- What you have to do:
Where a picture appears in the data below, exclude it; restate everything else word for word.

- Provided entries:

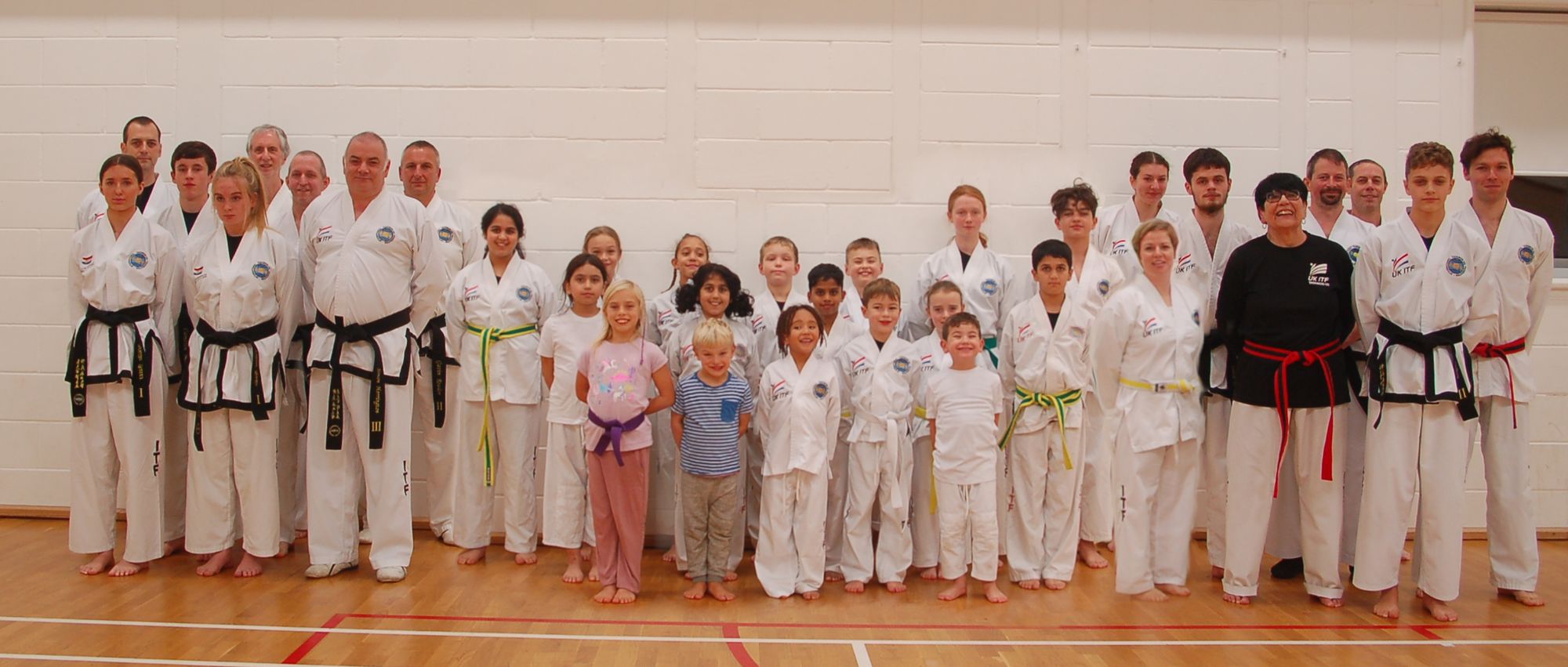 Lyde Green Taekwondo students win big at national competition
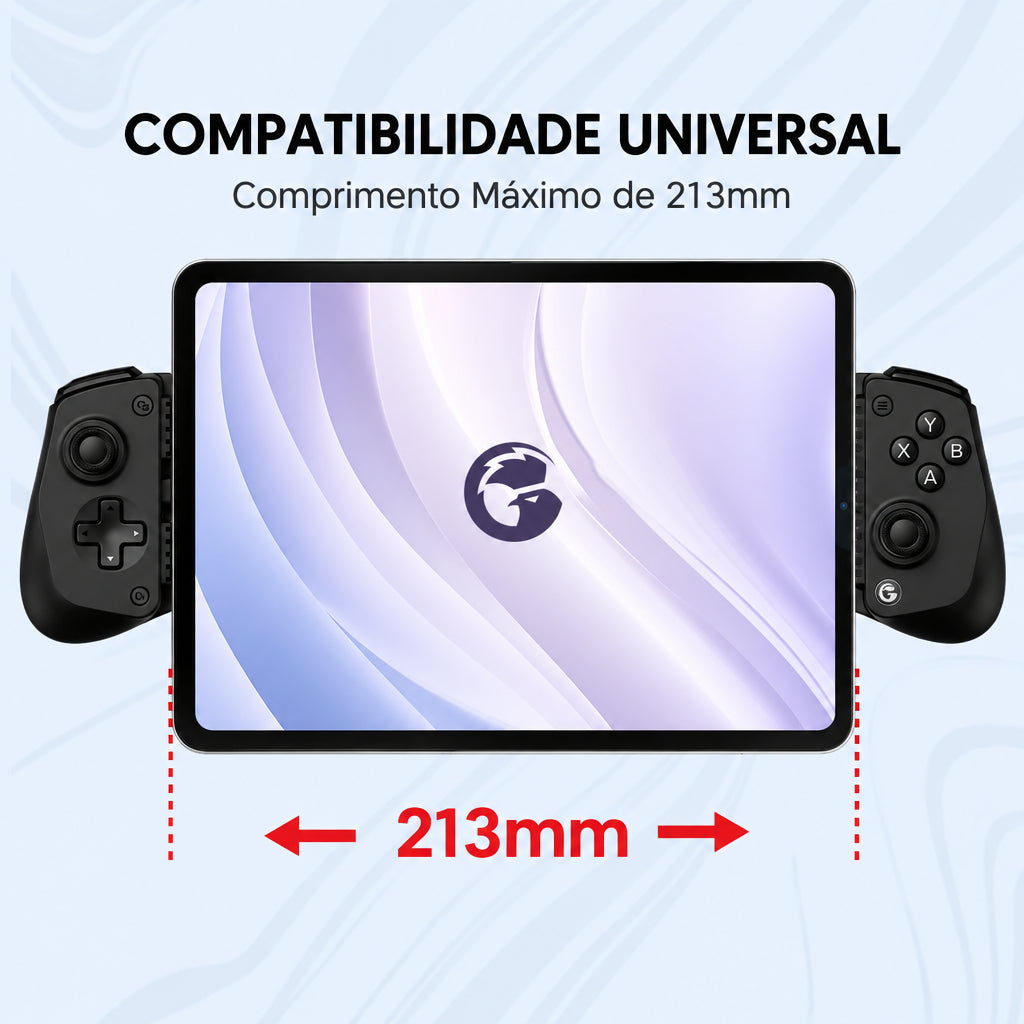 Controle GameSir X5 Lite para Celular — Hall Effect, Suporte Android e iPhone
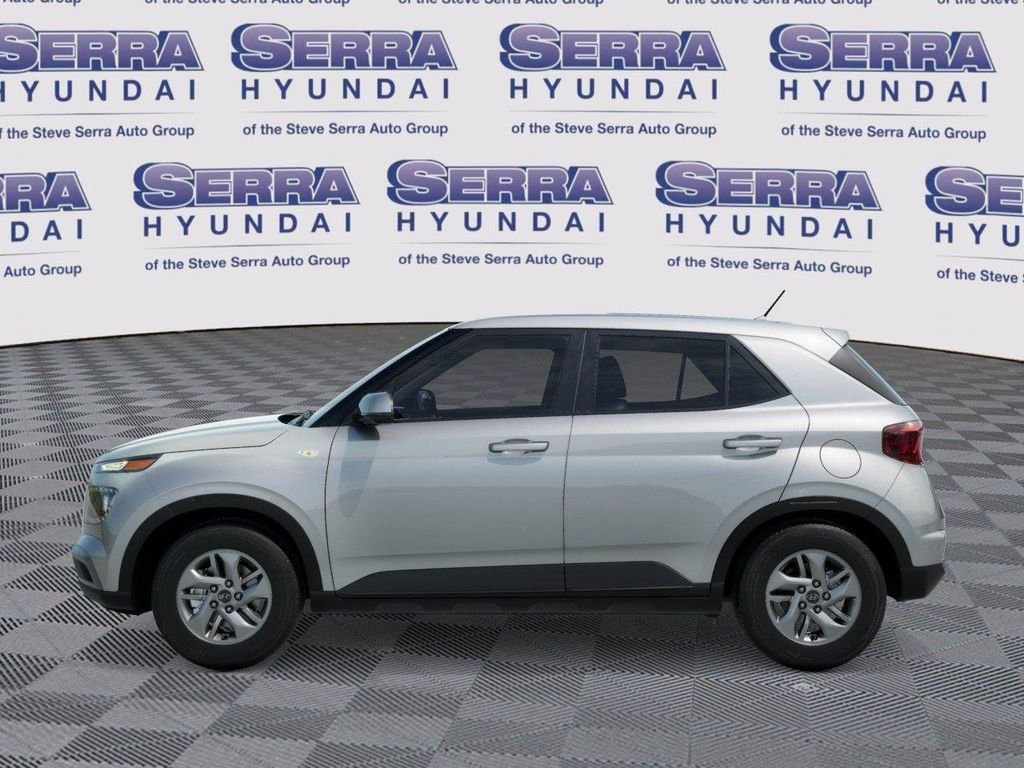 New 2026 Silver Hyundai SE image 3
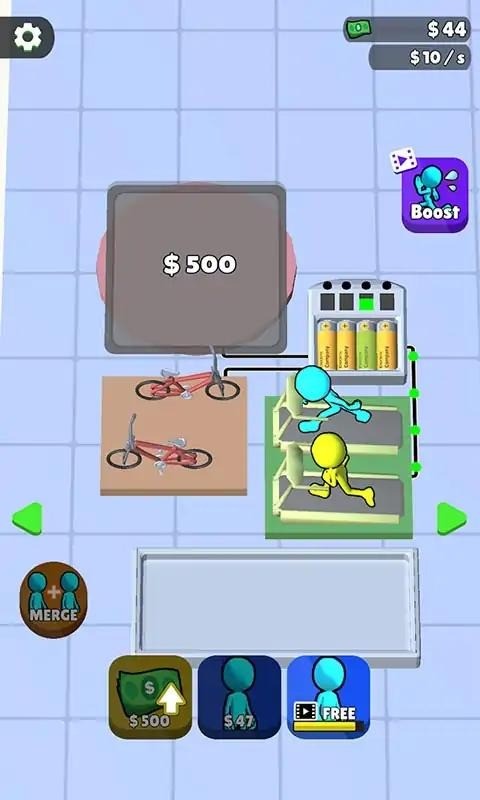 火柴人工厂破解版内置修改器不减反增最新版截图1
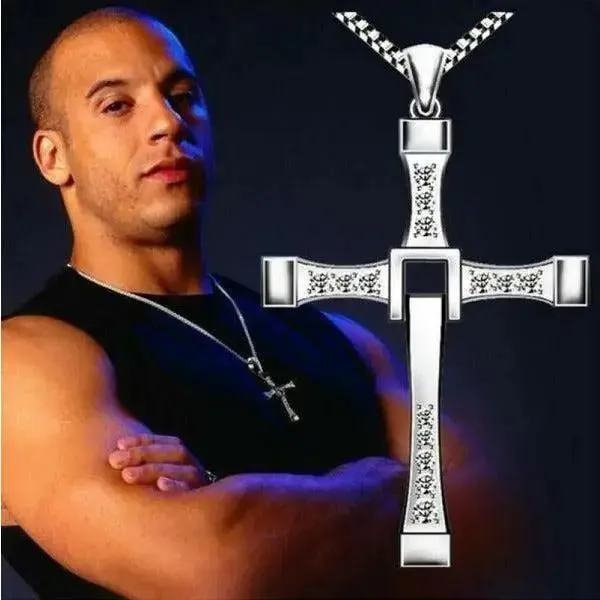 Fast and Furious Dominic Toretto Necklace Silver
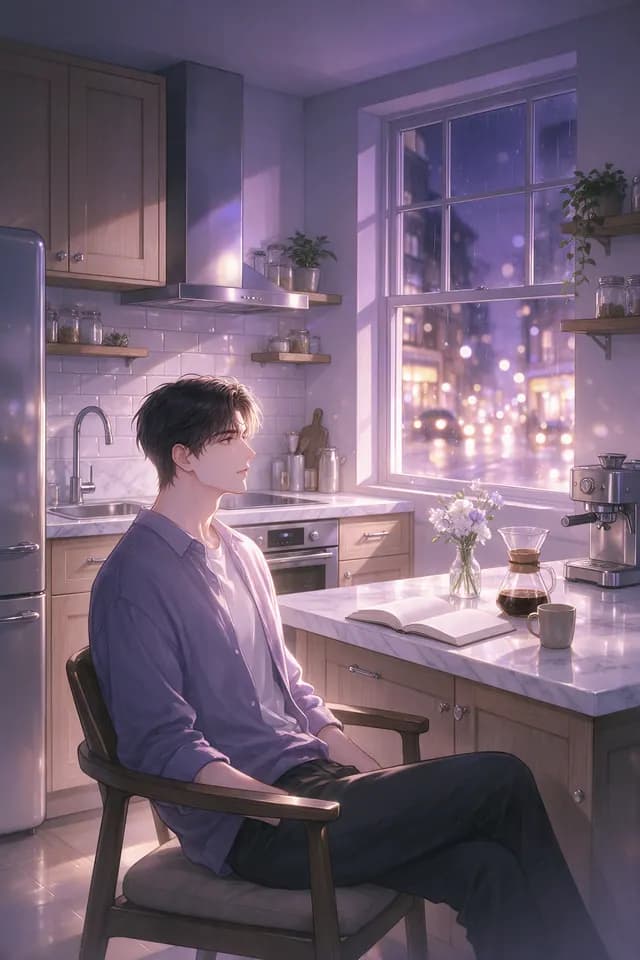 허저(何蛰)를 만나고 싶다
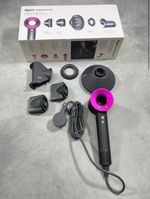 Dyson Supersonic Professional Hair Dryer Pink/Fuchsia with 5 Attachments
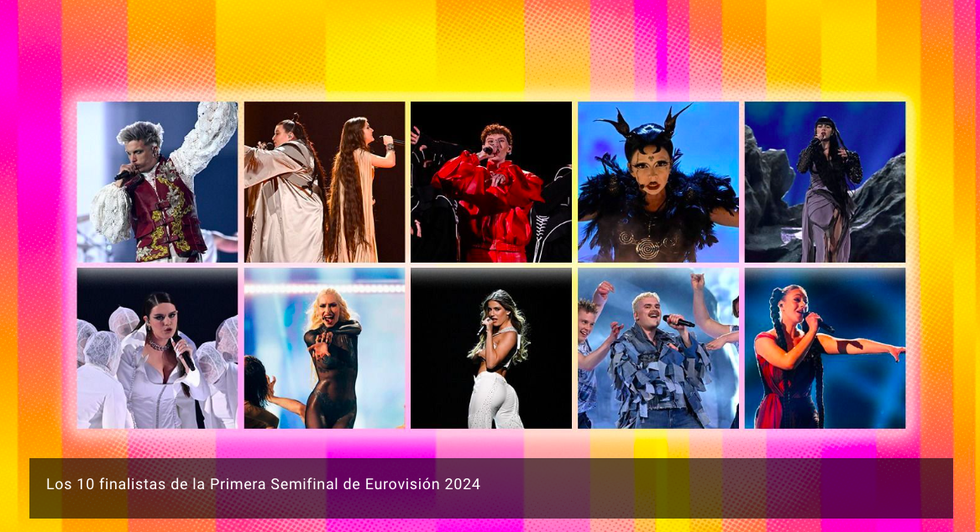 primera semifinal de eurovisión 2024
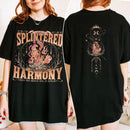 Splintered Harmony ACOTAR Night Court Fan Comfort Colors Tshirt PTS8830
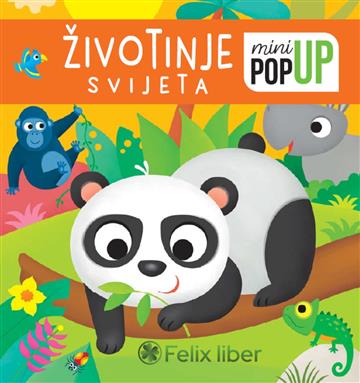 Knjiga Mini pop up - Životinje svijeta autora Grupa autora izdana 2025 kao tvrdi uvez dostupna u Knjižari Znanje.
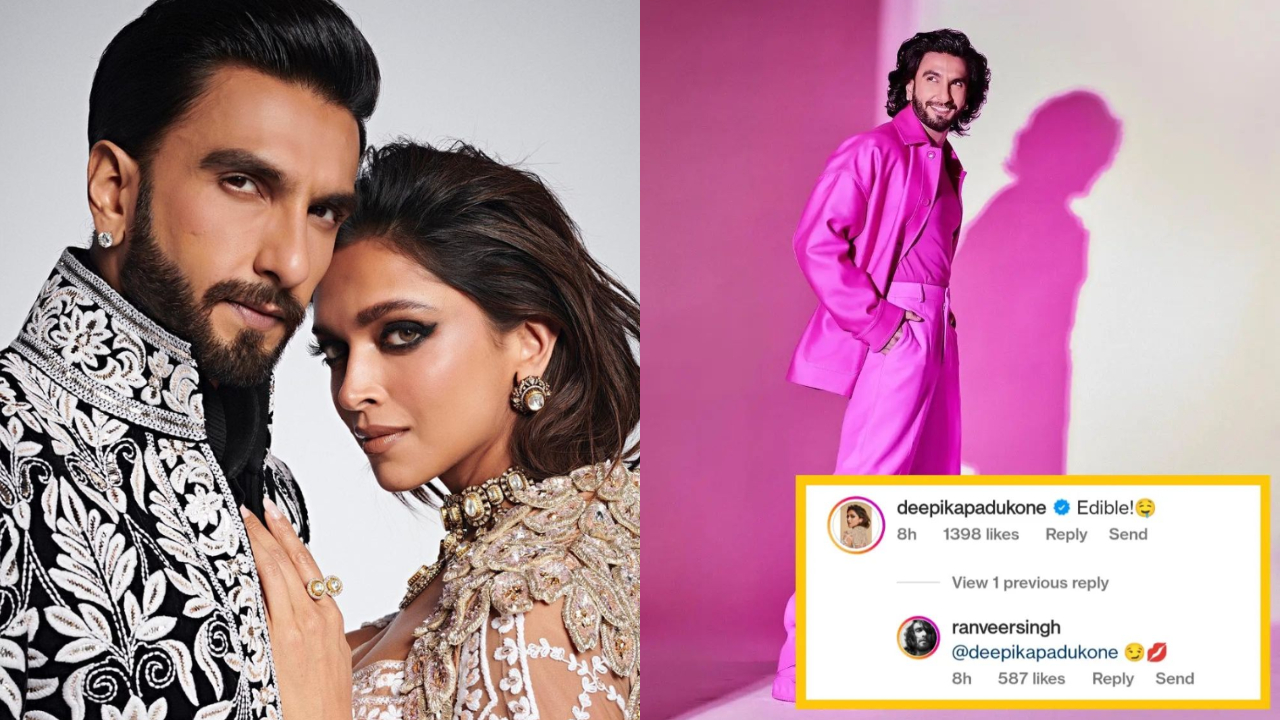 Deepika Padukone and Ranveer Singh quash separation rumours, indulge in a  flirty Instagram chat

- Written reply:
 Lyde Green Taekwondo students win big at national competition
 Controle GameSir X5 Lite para Celular — Hall Effect, Suporte Android e iPhone
 New 2026 Silver Hyundai SE image 3
 火柴人工厂破解版内置修改器不减反增最新版截图1
 Fast and Furious Dominic Toretto Necklace Silver
 허저(何蛰)를 만나고 싶다
 Dyson Supersonic Professional Hair Dryer Pink/Fuchsia with 5 Attachments
 primera semifinal de eurovisión 2024
 Splintered Harmony ACOTAR Night Court Fan Comfort Colors Tshirt PTS8830
 Knjiga Mini pop up - Životinje svijeta autora Grupa autora izdana 2025 kao tvrdi uvez dostupna u Knjižari Znanje.
 Deepika Padukone and Ranveer Singh quash separation rumours, indulge in a  flirty Instagram chat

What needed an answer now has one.